The Black Keys, consisting of guitarist, singer, and songwriter Dan Auerbach and drummer Patrick Carney have been going strong for close to 17 years, as their first debut album was released in 2002. Since then they have been slowly climbing to the top of the rock/alternative scene, first reaching it with their 2010 release “Brothers.”
They stayed on top for half a decade, releasing two more albums, which received praise from fans and critics. After the release and tour of “Turn Blue,” the duo had enough with touring and took a break from the band.
The break was well deserved, as fans understood the grind they were on for the last 12 years. In the back of the fans’ minds, though, was a worry of how long they would go without another record. They didn’t know how long they would go without another record. They didn’t know how long the ‘dry spell,’ as it were, would last, and at times thought that Auerbach and Carney would never get back together.
They did, though, and as a Black Keys fan, I was happy that they did. “Let’s Rock” was a huge anticipation for me heading into the summer and expectations were high. After listening to it multiple times, I left satisfied but a little underwhelmed.
This album definitely has the hit songs. “Lo/Hi” is hands down the best song with its loud and catchy sound. The guitar and the drums work well with each other, and Auerbach’s voice adds a calm balance to the loud instrumental.
“Go” is another favorite of mine. It’s got a catchy rhythm and a quick pace to it. The song has themes about summer, and many times during the warm weather months, I blasted this song while driving by the beach and thoroughly enjoyed it. It’s not going to end up on an all-time summer song list like Eagles’ “Take It Easy” or “Surfin U.S.A” by the Beach Boys, but definitely one to remember in 2019.
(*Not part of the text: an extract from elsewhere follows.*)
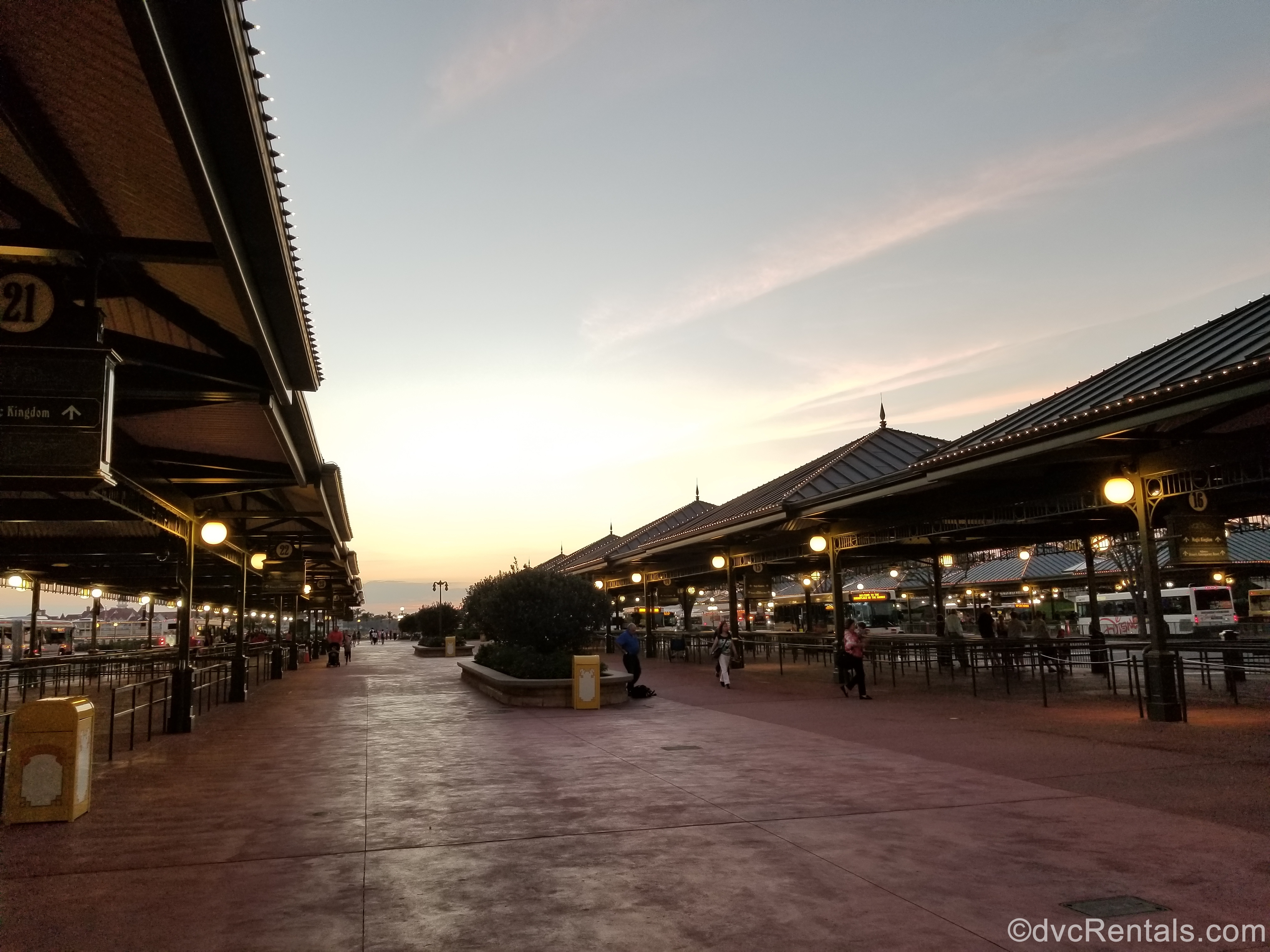 bus stops at the Magic Kingdom with the sunset in the background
“Under The Gun” hasn’t gotten a lot of talk from fans and critics, but is easily one of my favorites. It’s a throwback to the band’s early work. Auerbach works with a guitar riff that instantly grabs the listener, as it’s catchy and has a ton of energy to it. The chorus is the best part, as Auerbach sings, “On the road but I’m on the run/It ain’t no fun when you’re under the gun/We made a deal but the dealer won and I’m under the gun.”
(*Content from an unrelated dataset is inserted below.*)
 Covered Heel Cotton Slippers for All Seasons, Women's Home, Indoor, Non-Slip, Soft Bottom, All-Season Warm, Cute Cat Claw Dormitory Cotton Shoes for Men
“Sit Around And Miss You” is the big outlier. With most of the record trying to work with a loud electric guitar sound, this song adds mostly acoustic guitar work. Carney’s drumming is a huge focus and overall, it turns out to be a nice change of pace as you listen throughout the entire album.
Despite these favorites, most of the time I was bored while listening as songs got repetitive. It got to the point where I couldn’t really tell which song was which. Don’t get me wrong, I am so happy that the Black Keys are back again, but I was just expecting more with “Let’s Rock.”
Maybe it’s my fault, as I expected them to try to keep evolving their sound as their previous release sounded like a modern day Pink Floyd album with their own twist. Instead, they went back to their roots with elements of early blues, pop, and garage rock, something that they were known for with their most successful albums. Many of the songs that I didn’t like on the record I could picture being b-sides to “Brothers” or “El Camino.”
Do I think this is a horrible album? Absolutely not. But I think it’s fair to say that they will be content with where they are at in their lives, as they should be. They have earned that and don’t have anything to prove to their fans and critics. I will continue being fans of theirs, but I will start to really lower my expectations with each future release.